The Road Sign
- Sienna Mose
- Dec 16, 2024
- 2 min read

I sometimes wish life had road signs. Kind of like the highway does. Speed limit is 60. This exit is here. Stop here. And so on. But most of the time, we’re left to figure it out ourselves.
I talk about my boyfriend sometimes. Not a lot. I don’t know if that’s a good thing. But I want to share something with you. If you recall, I once called him my fiance. But not now. I have called off the engagement. We’re still girlfriend boyfriend just not engaged anymore.
You might be asking why? You might be wondering what type of beef got between us that we called it off.
After all, isn’t that embarrassing?
The truth is. It isn’t. We weren’t ready. People say to take it slow. And I firmly believe that we should have. We were young. We were broken. We were fools. Because we couldn’t love ourselves, we couldn’t’ love each other. And there’s no shame in admitting that. There’s no shame in waiting, there’s no shame in realizing a mistake and fixing it.
Time is the great healer. I believe that.
I know that the boy I write about now is potentially hurt and shocked by everything. I tell him this:
When I first met you, I was a traumatized girl struggling with depression. God only knows how I lived through those first initial months when I met you.
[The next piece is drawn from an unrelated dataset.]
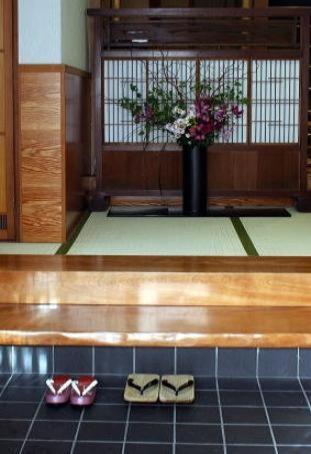 Kikunoya Ryokan Kanazawa Zewnętrze zdjęcie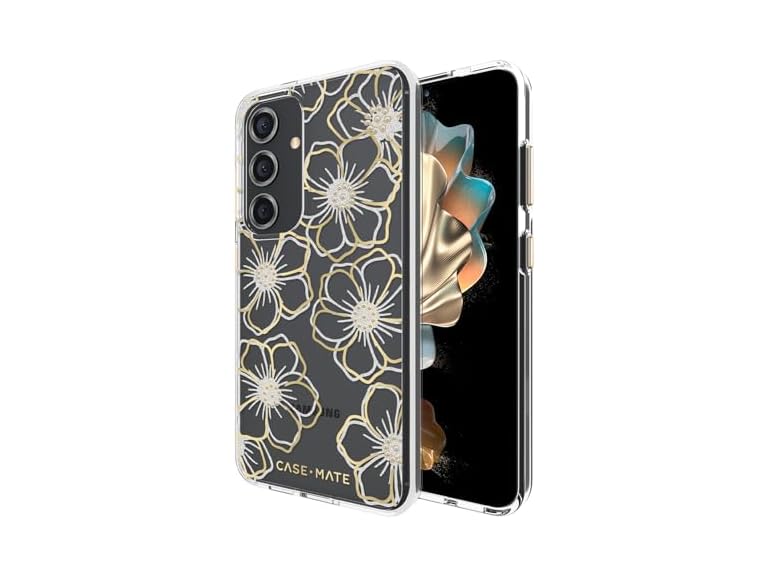 Case-Mate Case-Mate Samsung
If it hadn’t been for you, I wouldn’t have made it. So much has changed. For better and for worse. I changed. I ran away from my old life and started over. I had to find me. Because I never knew me. The girl you met that Sunday, it wasn’t really me. Not the true me. I’m still trying to find her. I know you are too.
The truth is, I was desperate. A drowning person will grab anything to keep himself afloat and I grabbed you. In an act to save my life, I chose to love you. And now that I’m free, I have to learn to love you again. Learn how the true me can fall in love with a stranger boy. You will have to learn too. I’m not the same. Neither are you. But I know one thing: she’s sorry. She’s sorry she used you to keep herself alive. Give her time. Maybe she’ll find love.